Día uno.
Duele. Parece que puedas sentirlo penetrando tu piel y
destrozando tus entrañas, pero no puedes hacer nada para remediarlo excepto
comerte la puta cabeza pensando en que fuiste un gilipollas y que ya nada puede
cambiar eso. Y ahora piensas, piensas en todos aquellos momentos vividos y lo
peor de todo, los que os quedaban por vivir. Sí, usando el pretérito imperfecto. Pasado. Porque ya
nada parece factible. No parece que vaya a volver a pasar, que cogiste un avión
y desapareciste de mi mundo. Así sin más, sin decir nada. Pero lo peor es que para mi eres
como una pegatina adherida a mi cuerpo, una pegatina de la que ni quiero ni
puedo escapar. Y cuando intento sacarte de mi me haces daño en silencio, sin palabras.

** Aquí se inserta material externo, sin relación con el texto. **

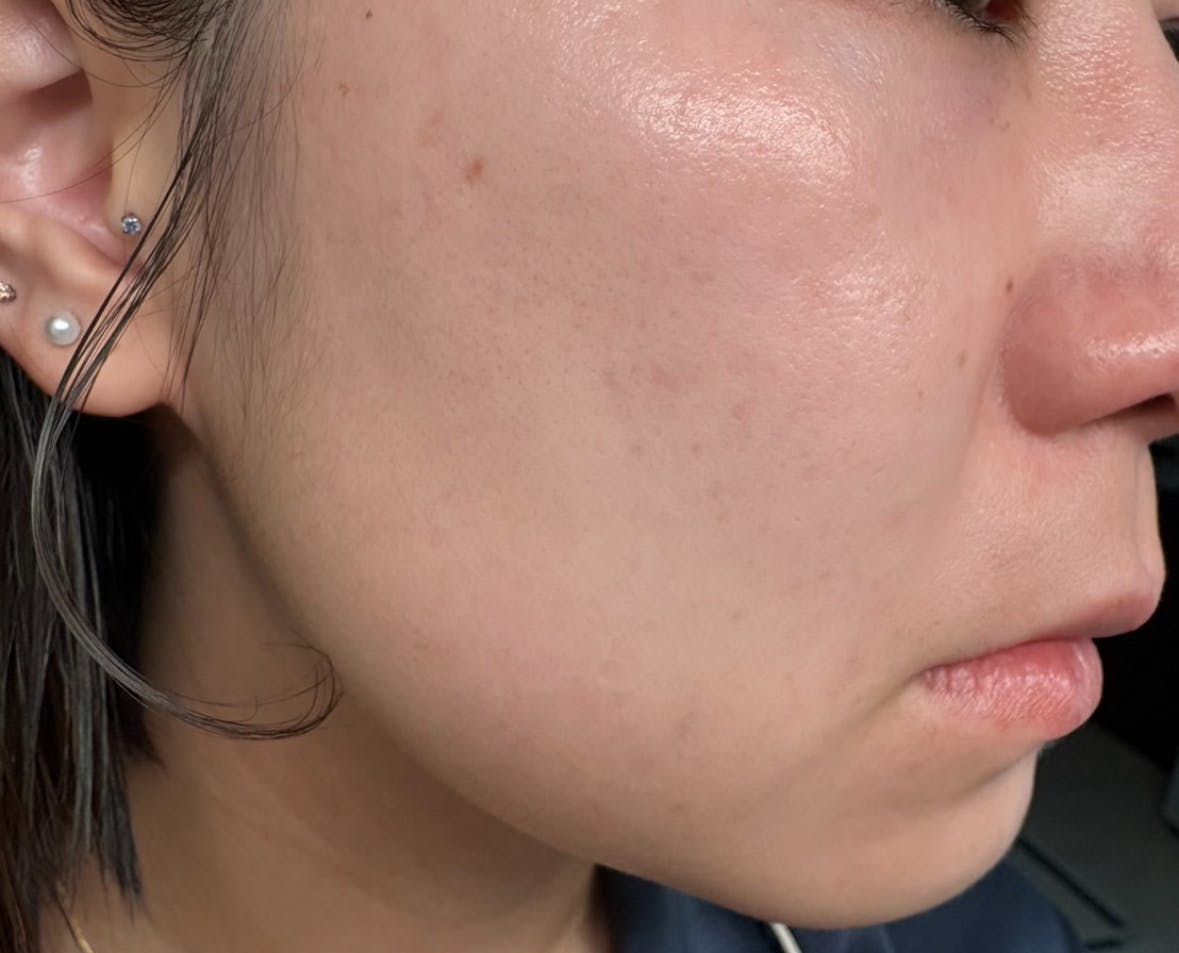 よつば会クリニック 神戸・ハーバーランド院でを受けたまゆさんの写真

Parece que fue ayer cuando te vi en una foto por primera
vez. “Qué niño tan guapo” pensé. Y qué inocente, creyendo que sólo serías un
chico más con el que me daría cuatro efímeros besos en una sucia discoteca.
Pero ya no hay vuelta atrás. Intento convencerme de que me equivoco, de que me
perdonarás, pero no veo nada claro. Sólo sé que haré lo que haga falta, que no
me importa estar mil días esperándote en silencio sin que digas nada, mientras
me como mi dolor en la soledad; mientras pienso que ya te has despegado de mi y
me evitas como un niño pequeño a su pediatra el día de la revisión médica.